After the Federal Communications Commission passed sweeping net neutrality regulations in 2015, multiple telecom companies and industry groups tried to sue the FCC, claiming it wasn’t the FCC’s job to regulate the internet. This lawsuit was heard by the US Court of Appeals for the DC Circuit, which ruled 2-1 in the FCC’s favor, saying the agency acted well within its purview.
Last year, major ISPs and the FCC asked the Supreme Court to reconsider this decision, even though the FCC has since repealed those regulations. According to a decision published Monday, three of the Supreme Court justices—Clarence Thomas, Samuel Alito and Neil M. Gorsuch—said they would have been down to take another look at this decision, but they weren’t able to get a majority because two of the judges had to recuse themselves. This is the end of the road for this particular appeal, but there are other lawsuits from both sides making their way through the courts.

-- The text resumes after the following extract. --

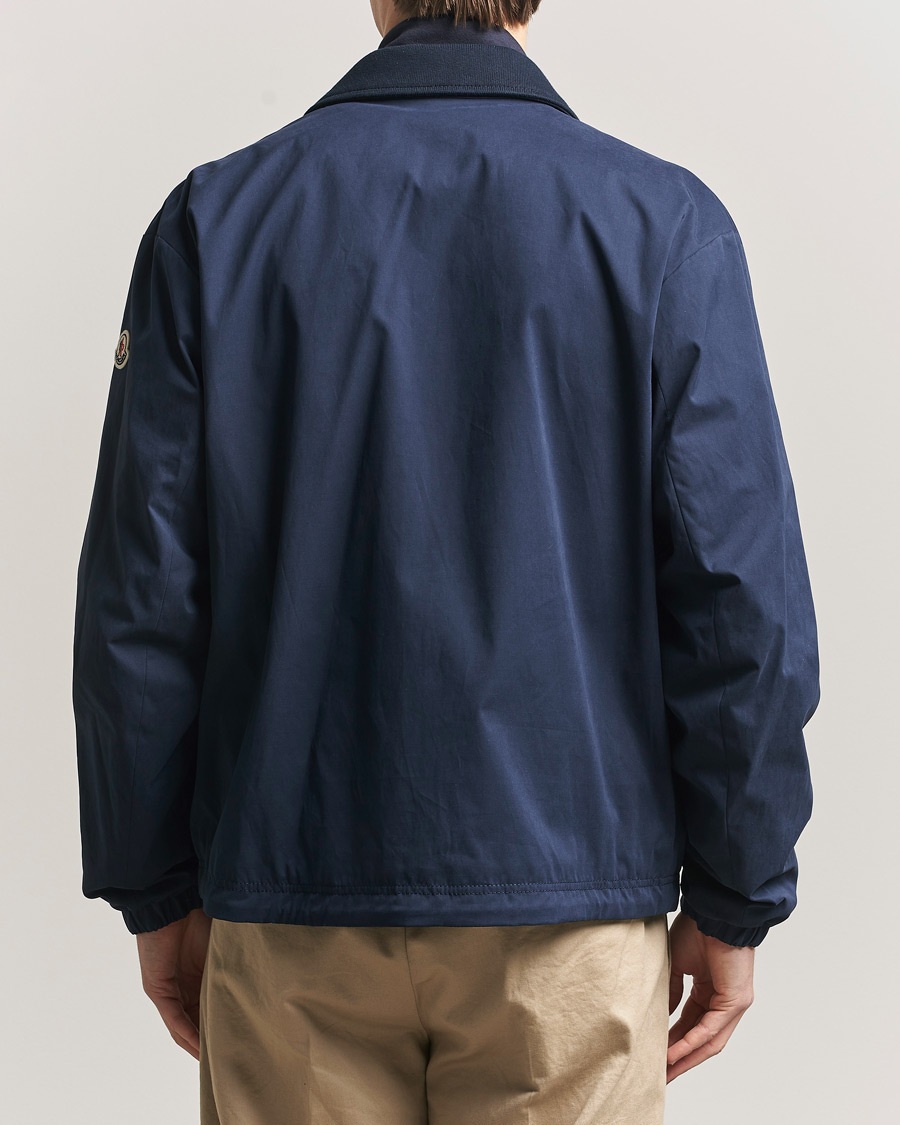 Herr | Jackor | Moncler | Arinell Shirt Jacket Navy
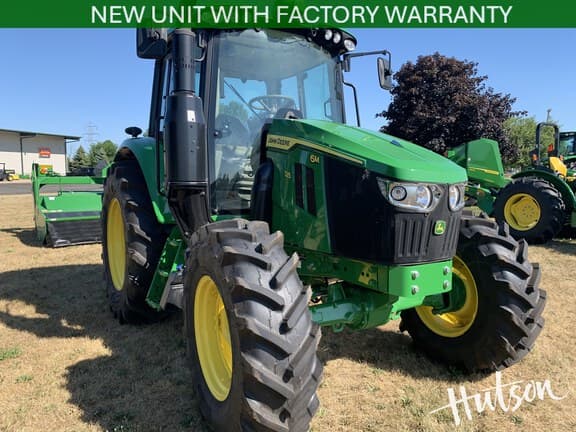 Image of John Deere 6M 125 Primary image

Chief Justice John G. Roberts Jr. abstained from voting because he owns stock in Time Warner, one of the companies filing the petition to consider the case. And Trump’s latest court appointee, Brett Kavanaugh, once filed an anti-net neutrality dissent in this very case when Big Telecom tried to get the DC Circuit to reconsider its original ruling (Kavanaugh was outnumbered).
But this is far from over. Just as open internet proponents are exploring every avenue available, from lawsuits to local laws to restore net neutrality, those against regulation are working to add more nails to the coffin and ensure federal internet protections will be even harder to enact in the future.